Уже второй месяц танковая бригада находится в Горьковской области. Здесь идет ее переформирование. За это время всеми службами проделана большая работа. Вначале, как водится, благоустраивались, затем началась боевая подготовка. В один из дней даже помогали колхозу "Восход" косить и убирать сено.

Большим праздником для танкистов был день 18 августа, когда экипажи пригнали с завода боевые машины. 152-й танковый батальон получил 32 тридцатьчетверки, а 149-й — 21 легкий танк Т-70.

От острого взгляда комбрига подполковника Агафонова не ускользал ни один промах, ни одна ошибка как в организации боевой учебы, так и в материально-техническом снабжении рот и батальонов. Особое внимание он обращал на боевое слаживание экипажей.

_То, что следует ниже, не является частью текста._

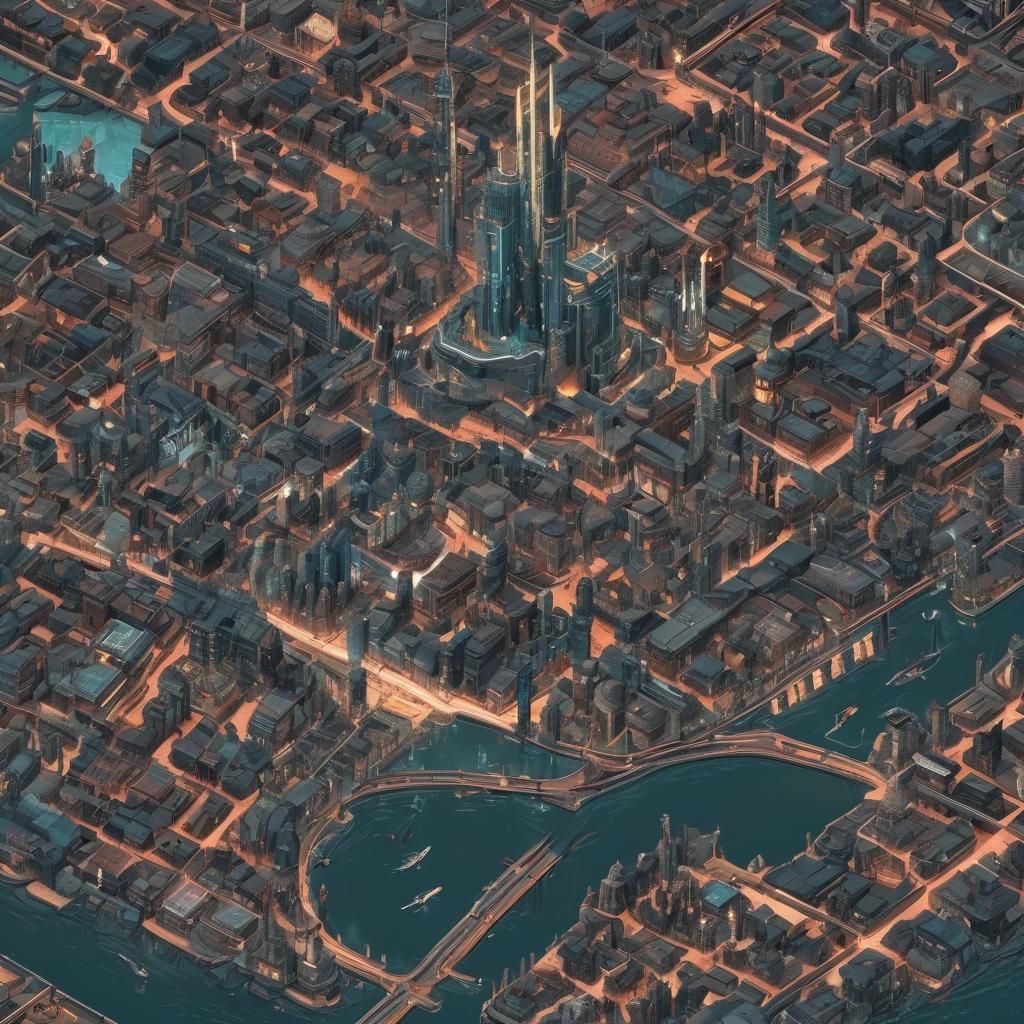 Isometric Cyberpunk City Map of Aevum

В день получения новой матчасти прибыли в бригаду начальник политотдела —невысокого роста, вдумчивый и степенный на вид батальонный комиссар Георгий Степанович Полукаров и инструктор политотдела старший политрук Михаил Сергеевич Целищев. Они одногодки, оба приехали из Военно-политической академии им. В. И. Ленина. До войны Целищев работал первым секретарем Линдовского райкома ВКП(б) Горьковской области, а Полукаров — председателем Сурхандарьинского облисполкома Узбекистана.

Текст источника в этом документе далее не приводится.